Laravel is fine for prototyping but it breaks backwards compat constantly, probably due to the massive amounts of over abstraction, not to mention layer upon layer of IOC hell.
Can you share some of the BC breaking changes you've seen? I personally haven't seen any in quite a while, but I'm not using all parts of the framework.
Read the migration notes for the last few releases. Anything that requires you to change your code is a breaking change and the reason you can't skip versions.
I tend to think of these more as enabling modularity and convention-over-configuration (being Rails-y if you will) rather than maintainability.
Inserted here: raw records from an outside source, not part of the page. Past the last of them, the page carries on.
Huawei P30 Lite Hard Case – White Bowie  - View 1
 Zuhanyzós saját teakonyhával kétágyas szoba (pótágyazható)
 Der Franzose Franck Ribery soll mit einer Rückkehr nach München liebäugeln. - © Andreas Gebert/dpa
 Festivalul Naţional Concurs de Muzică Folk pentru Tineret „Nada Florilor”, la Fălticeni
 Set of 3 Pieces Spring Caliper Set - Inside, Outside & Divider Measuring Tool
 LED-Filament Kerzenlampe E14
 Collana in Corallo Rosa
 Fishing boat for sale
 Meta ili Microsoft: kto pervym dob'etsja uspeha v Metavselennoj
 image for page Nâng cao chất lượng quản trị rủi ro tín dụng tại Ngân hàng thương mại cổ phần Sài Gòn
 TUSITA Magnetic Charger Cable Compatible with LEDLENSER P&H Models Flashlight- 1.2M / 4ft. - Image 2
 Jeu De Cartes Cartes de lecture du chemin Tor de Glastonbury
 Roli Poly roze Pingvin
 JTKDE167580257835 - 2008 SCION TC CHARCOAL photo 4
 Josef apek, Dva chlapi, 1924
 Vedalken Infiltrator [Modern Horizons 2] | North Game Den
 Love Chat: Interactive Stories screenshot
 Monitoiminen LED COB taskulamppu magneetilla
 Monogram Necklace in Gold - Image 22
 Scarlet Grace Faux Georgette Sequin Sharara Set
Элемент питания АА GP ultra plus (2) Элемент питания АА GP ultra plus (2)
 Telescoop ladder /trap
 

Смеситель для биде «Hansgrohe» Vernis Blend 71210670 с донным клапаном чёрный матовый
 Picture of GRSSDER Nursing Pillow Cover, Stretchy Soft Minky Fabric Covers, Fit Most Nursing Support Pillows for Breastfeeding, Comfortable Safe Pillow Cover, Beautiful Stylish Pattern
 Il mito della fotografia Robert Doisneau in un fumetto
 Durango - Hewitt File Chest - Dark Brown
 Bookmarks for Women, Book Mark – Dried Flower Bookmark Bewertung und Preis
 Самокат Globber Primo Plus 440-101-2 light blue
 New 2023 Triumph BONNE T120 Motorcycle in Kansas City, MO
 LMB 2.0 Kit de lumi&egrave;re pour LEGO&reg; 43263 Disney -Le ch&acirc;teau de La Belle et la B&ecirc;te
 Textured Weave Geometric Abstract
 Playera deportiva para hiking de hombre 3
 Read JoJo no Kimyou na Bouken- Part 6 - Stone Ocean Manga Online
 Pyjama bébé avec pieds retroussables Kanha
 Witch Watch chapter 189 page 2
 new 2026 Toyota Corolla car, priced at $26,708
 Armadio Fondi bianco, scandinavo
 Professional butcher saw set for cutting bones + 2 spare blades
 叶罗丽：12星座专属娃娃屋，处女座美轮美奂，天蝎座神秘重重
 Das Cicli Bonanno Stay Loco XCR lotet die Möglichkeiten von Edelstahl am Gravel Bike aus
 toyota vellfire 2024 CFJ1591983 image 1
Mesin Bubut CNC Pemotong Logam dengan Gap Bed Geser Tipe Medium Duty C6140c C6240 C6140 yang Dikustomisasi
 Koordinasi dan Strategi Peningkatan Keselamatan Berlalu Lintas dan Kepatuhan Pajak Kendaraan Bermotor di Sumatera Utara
Prior to Laravel, the PHP way was minimal indirection and simple execution flow. I think it was hard to do something something different with Laravel, and definitely hard to do it in a way that offers performance and security and any other good thing you might want in addition to pretty code.
One disadvantage IOC/DI carry in every language and particularly in PHP is difficulty with debugging. If you have a file of functions and a template that generates HTML you could just read through the code yourself or use prints, now it can be hard to know where to put the print when each page load may involve a couple dozen files.
That, I believe, is IOC hell. My belief is you get through it by learning the framework internals, which is a lot of work (especially if you also have to fit something like Wordpress, Angular, your family, or Photoshop in your mind as well).
Laravel is fine for prototyping but it breaks backwards compat constantly, probably due to the massive amounts of over abstraction, not to mention layer upon layer of IOC hell.